Churro Tots

For Frying: 
Vegetable Oil

1 cup water
1 stick (4 ounces) butter
1/4 teaspoon ground cinnamon
1/4 teaspoon salt
1 1/2 cups all-purpose flour, sifted
3 eggs & 2 egg whites

For dusting:
3 tablespoons of cinnamon and sugar, mixed

1. In a medium saucepan, bring the water, butter, cinnamon and salt to a roiling boil. Stir in the flour all at once. Reduce the heat to low and stir, using a wooden spoon, vigorously until the mixture forms a ball, about 1 minute. Remove the pan from the heat. 

2. Let the batter sit for 5 minutes to cool. 

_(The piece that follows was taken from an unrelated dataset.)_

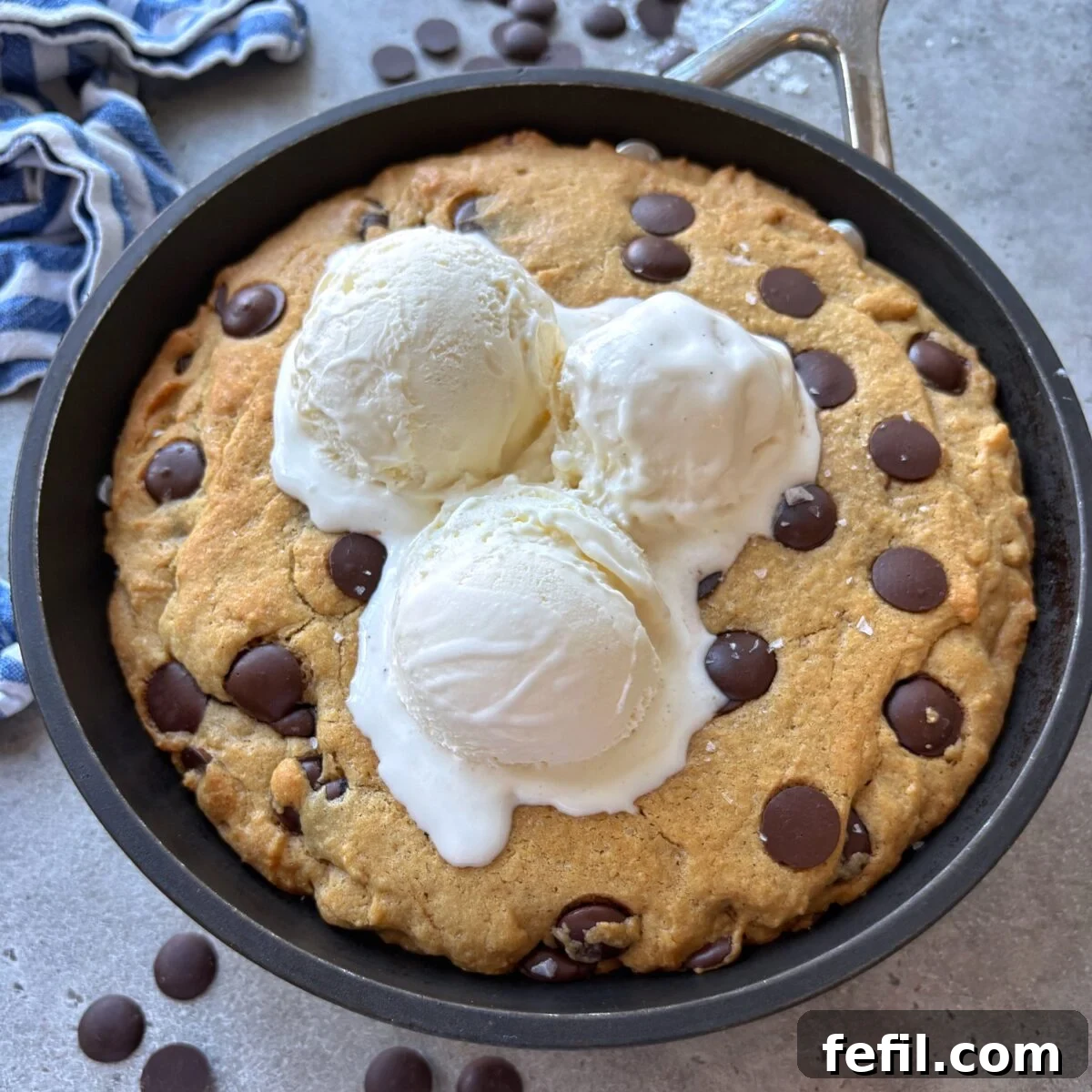 Gooey Chocolate Chip Skillet Cookie Recipe 2 Chocolate Chip skillet cookie topped with three scoops of vanilla ice cream. In the background are more chocolate chips and a blue striped tea towel.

3. When it's warm (not hot) to the touch, add one egg at a time. Keep stirring until the mixture comes together and is smooth. It might seem squishy for a while, keep going! Note: You can also do this in an electric stand-up mixer with a paddle attachment--it'll go faster. Also, Mine was a bit too dry, so I added 2 egg whites and then it was perfect. This will unfortunately depend on a lot of things like climate, altitude, etc. 

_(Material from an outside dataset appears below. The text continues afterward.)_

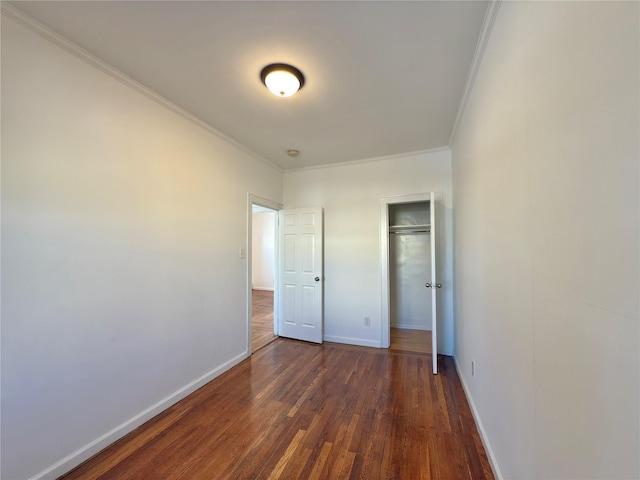 unfurnished bedroom with baseboards, ornamental molding, and dark wood-style flooring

4. In a cast iron skillet, add 1 1/2 inches of oil and place over medium-high heat. When the oil reaches 360 degrees F, it's ready. 

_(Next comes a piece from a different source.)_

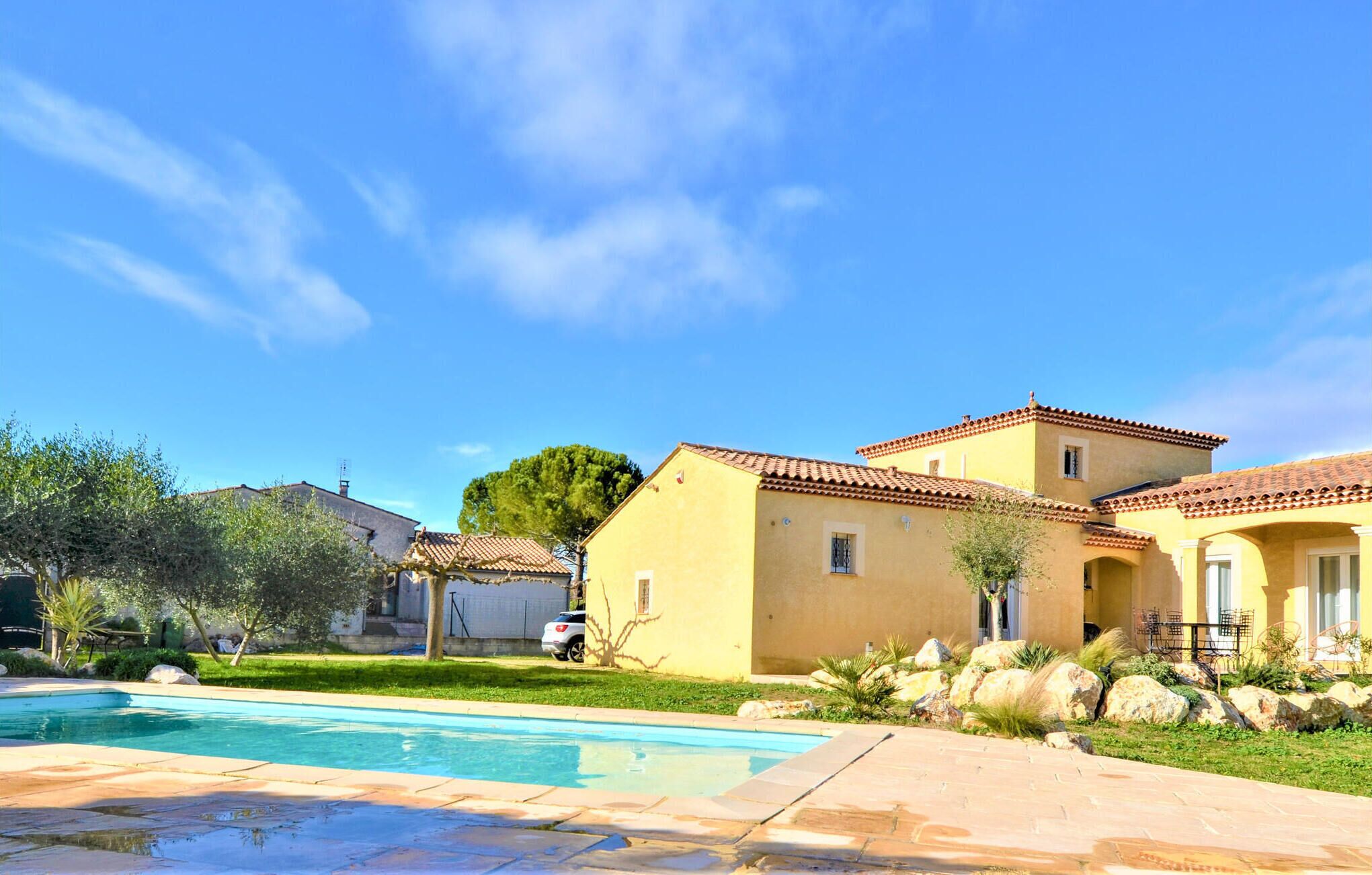Ein Wohnhaus mit Swimmingpool, Terrassenbereich und gepflegtem Garten.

5. Spoon the mixture into a piping bag fitted with a large star-tip.  Have sterilized scissors on hand.  Hold the bag over the hot oil, squeeze a strip of dough about 1 inches long, snip it with the scissors and let it drop into the oil.  Fry 10 to 12 balls at a time, turning once, until golden brown, about 2 minutes on a side.  Drain on paper towels.  Roll the churro tots in the sugar/cinnamon and serve immediately.  These are really best minutes after they’ve been fried. Serve with whipped cream and/or melted chocolate.